An electrical titration experiment revealed a distinct decrease in the output current (I DS) of the OFET upon addition of BSA in a HEPES buffer solution (Figure 2 a). The limit of detection (LOD)16 for BSA was estimated to be 6.0×10−13  m (=40 pg mL−1). The LOD was estimated in accordance with the IUPAC rule (see the Experimental Section). To the best of our knowledge, this is the lowest value ever reported for OFET‐based protein sensors without labeling processes.17 Furthermore, it is comparable to, or lower than, those of recently reported immunoassays or luminescent probes for BSA.18 As the long and hydrophobic linker group of the NiII‐nta monolayer could be accessible to histidine residues of BSA, it is assumed that the obtained LOD was lower than our previous OFET‐based sensor for a protein.5d In this regard, molecular design of the linker group of the SAM as well as that of the terminated group (i.e. the recognition site) is important for OFET‐based sensors.19

Changes in electrical characteristics associated with increasing the BSA concentration were supported by PYS results (Figure 3 a). The work function of the gold electrode was clearly shifted by adding BSA (5.0→4.7 eV), which means that such electrical change in the OFET characteristics occurred through BSA‐induced changes of surface potential on the extended‐gate electrode (Figure 3 b).5d, 20 Recently, a similar electrical response related to the BSA concentration in a dual‐gated OFET was reported by Choi et al.21 They demonstrated BSA detection by using physical adsorption on the surface of a dielectric over‐layer.
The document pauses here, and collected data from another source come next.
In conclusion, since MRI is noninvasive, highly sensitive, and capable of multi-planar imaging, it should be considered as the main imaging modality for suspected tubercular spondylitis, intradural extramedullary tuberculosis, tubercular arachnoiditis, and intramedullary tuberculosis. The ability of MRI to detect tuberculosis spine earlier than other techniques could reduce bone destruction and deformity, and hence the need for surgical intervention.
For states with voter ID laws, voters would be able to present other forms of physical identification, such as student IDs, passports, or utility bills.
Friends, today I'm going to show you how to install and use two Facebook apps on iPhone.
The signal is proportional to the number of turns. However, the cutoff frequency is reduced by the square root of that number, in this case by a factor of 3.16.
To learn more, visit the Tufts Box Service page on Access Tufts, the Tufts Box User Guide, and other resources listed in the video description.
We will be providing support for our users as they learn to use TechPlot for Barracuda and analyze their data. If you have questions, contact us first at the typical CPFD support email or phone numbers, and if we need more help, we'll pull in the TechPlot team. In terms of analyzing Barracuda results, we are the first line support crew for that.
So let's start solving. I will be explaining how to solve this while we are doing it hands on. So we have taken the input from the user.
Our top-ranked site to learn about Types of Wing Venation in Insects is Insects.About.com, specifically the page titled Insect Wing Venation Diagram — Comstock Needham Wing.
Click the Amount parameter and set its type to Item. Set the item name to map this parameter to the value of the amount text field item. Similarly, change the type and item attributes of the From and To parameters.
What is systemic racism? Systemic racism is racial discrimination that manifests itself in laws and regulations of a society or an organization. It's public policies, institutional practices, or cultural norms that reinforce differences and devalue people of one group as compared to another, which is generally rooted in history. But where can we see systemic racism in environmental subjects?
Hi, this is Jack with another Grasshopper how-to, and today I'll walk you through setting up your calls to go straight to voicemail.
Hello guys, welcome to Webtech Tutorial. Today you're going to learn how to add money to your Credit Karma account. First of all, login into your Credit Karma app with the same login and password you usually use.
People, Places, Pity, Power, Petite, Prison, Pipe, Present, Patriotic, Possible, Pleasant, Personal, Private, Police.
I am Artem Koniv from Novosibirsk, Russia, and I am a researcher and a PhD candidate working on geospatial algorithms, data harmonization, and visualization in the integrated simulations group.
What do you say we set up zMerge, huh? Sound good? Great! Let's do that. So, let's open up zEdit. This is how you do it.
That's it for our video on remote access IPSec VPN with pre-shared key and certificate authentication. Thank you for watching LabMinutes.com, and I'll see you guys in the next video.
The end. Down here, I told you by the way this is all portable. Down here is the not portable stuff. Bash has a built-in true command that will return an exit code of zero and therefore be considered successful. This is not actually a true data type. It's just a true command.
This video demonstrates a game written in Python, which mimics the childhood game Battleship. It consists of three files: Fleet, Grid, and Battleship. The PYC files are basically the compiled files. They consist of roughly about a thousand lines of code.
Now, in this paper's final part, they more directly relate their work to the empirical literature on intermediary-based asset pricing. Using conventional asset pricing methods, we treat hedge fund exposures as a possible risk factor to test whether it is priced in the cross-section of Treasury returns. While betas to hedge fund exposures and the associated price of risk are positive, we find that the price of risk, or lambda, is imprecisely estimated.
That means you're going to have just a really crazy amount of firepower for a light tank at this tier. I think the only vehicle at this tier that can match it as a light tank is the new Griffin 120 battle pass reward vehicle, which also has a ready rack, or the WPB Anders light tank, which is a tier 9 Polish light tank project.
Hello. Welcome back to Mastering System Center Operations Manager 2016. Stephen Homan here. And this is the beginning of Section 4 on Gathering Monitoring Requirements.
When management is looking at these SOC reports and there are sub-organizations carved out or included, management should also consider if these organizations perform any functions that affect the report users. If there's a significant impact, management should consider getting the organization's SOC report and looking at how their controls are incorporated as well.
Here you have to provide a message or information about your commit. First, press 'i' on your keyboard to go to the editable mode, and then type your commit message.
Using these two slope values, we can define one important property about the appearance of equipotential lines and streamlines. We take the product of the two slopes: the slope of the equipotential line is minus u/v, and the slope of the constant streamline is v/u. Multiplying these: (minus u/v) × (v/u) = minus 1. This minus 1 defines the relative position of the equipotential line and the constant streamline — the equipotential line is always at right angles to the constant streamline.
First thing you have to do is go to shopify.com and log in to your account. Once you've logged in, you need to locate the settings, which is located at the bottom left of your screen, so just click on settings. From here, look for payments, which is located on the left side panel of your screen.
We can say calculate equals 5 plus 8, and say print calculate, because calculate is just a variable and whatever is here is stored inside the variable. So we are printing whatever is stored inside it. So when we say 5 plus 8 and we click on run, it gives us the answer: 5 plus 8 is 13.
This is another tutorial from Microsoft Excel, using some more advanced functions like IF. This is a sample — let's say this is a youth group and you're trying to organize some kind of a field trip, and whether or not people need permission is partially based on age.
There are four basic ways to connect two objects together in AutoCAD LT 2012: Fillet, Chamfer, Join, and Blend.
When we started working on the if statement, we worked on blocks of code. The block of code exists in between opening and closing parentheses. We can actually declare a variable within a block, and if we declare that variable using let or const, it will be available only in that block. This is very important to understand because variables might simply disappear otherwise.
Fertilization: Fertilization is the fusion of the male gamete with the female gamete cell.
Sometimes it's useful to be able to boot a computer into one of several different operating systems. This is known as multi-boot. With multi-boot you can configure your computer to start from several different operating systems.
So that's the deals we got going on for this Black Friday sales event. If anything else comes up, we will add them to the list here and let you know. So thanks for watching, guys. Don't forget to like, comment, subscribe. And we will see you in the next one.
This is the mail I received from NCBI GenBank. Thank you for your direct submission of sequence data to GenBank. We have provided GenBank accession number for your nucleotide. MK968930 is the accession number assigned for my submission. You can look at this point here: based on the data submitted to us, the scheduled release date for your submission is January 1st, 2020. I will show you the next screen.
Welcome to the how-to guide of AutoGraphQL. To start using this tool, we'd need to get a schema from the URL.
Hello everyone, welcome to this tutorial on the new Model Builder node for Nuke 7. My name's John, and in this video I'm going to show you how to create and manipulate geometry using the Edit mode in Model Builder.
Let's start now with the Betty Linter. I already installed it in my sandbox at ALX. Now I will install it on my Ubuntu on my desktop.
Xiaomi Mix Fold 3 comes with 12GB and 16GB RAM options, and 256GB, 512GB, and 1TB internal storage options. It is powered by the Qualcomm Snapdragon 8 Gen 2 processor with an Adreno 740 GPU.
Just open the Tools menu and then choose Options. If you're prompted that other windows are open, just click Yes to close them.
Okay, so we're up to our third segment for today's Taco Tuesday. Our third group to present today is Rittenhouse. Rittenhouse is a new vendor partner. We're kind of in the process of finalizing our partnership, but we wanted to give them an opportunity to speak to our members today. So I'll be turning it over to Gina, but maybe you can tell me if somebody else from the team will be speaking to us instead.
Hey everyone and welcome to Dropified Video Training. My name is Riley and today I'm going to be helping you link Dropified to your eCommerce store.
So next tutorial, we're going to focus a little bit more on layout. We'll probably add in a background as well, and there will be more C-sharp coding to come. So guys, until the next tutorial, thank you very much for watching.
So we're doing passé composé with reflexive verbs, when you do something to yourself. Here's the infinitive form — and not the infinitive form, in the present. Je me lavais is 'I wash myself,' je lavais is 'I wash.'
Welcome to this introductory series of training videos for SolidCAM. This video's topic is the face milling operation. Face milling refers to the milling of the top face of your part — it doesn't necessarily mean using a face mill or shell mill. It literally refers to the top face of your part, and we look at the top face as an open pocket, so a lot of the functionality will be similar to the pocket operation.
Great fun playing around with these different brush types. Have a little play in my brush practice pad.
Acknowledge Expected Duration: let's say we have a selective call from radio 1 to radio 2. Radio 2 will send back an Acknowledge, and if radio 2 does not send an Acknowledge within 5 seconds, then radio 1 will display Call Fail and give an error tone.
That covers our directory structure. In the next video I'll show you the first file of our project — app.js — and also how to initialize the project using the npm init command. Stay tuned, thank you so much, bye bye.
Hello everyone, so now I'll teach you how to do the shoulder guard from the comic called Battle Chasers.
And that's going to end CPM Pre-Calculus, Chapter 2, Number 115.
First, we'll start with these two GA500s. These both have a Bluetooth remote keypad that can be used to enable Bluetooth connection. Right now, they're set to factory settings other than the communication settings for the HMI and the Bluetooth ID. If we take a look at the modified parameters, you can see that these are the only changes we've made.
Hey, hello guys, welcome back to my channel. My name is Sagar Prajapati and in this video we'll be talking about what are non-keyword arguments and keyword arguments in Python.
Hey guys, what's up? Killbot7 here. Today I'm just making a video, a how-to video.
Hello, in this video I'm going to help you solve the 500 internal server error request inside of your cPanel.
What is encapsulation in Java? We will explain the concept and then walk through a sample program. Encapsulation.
Numerical simulations of BSA‐induced changes of an electrical performance in the dual‐gated OFET suggested that these responses can be attributed to changes in the channel conductance of the OFET induced by the charge property of BSA. According to this experimental evidence, we conclude that the observed changes of the output characteristics are ascribed to shifts in the field‐effect behavior of the OFET device caused by the electron‐donating properties of BSA captured on the NiII‐nta‐modified extended‐gate electrode.22

Figure 3

a) PYS measurement of the NiII‐nta‐functionalized electrode before and after immersion in the HEPES buffer solution with BSA. [BSA]=1 μg mL−1. b) A plausible mechanism of the electrical detection of BSA. BSA can be bound onto the extended‐gate electrode modified with the NiII‐nta SAM, which triggers the decrease in channel conductance in the OFET.

Finally, we investigated the protein selectivity of the OFET sensor device. The NiII‐nta‐functionalized electrode of the OFET was immersed in individual aqueous solutions containing proteins such as immunoglobulin G (IgG), immunoglobulin A (IgA), trypsin, and hemoglobin. These are often employed as analytes in studies for albumin sensor systems.23 Figure 4 shows the current responses of the OFET when adding proteins. The response of the OFET to BSA was obviously high, whereas those for IgG, IgA, trypsin, and hemoglobin were very weak. Control analytes have no consecutive histidine residues. Thus, the observed differential responses to proteins indicate that the binding affinity between the NiII‐nta on the extended‐gate electrode and the histidine residue sites of BSA is the prime influence for the changes in the drain current. With these results, we have successfully demonstrated that the fabricated device could selectively recognize histidine‐residual sites of the protein.

Figure 4

Changes in the output current (n=3) of the OFET sensor by proteins at various concentrations in a HEPES buffer (10 mm) with NaCl (100 mm) at pH 7.0 at 25 °C. [Protein]=10 ng mL−1.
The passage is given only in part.